Moreover, talking of the imagination, he suggests that the mind,
...if it would but apprehend some joy,
It comprehends some bringer of that joy;
Or in the night, imagining some fear,
How easy is a bush supposed a bear?
They have, Theseus thinks, seen what they wanted to see.
Hippolyta is hesitant to watch the play, quite simply, because she fears that the mechanicals aren't up to the job:
I love not to see wretchedness o'er-charged,
And duty in his service perishing.
"They can do nothing in this kind", she thinks - the mechanicals won't be able to act, and pull off the play. She's worried she might be about to witness a theatrical disaster.

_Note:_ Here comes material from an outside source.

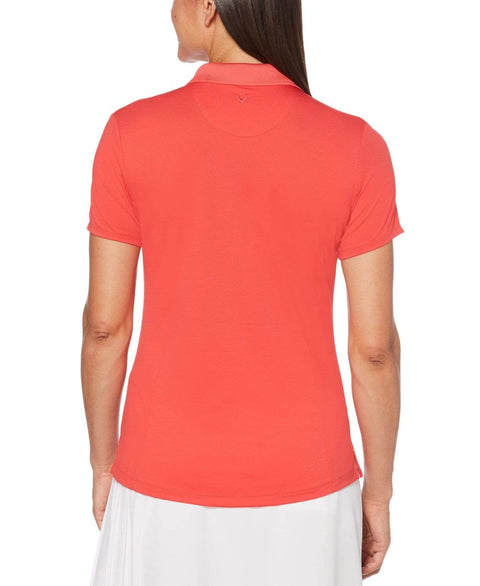 Womens Micro Hex Solid Polo Polos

Theseus thinks the lovers are unwise and at some point after Pyramus’s death he sarcastically states that if Pyramus were to be assisted by a surgeon, he would survive and come off as a “donkey”. Theseus has no pity for Pyramus and thinks his death was unnecessary. At the end of the play Theseus is very disappointed at how the two lovers met their death. His suggestion is the play should have ended differently since in the presentation the lovers have been portrayed as impulsive individuals, as seen when Pyramus does not take his time to look for Thisbe’s remains to at least confirm her death.
Hippolyta is opposed to the play because she knows of the story, and believes that the two lovers’ misery should not be overplayed. She would have liked a different themed play better.
“I love not to see wretchedness o'er-charged, And duty in his service perishing.”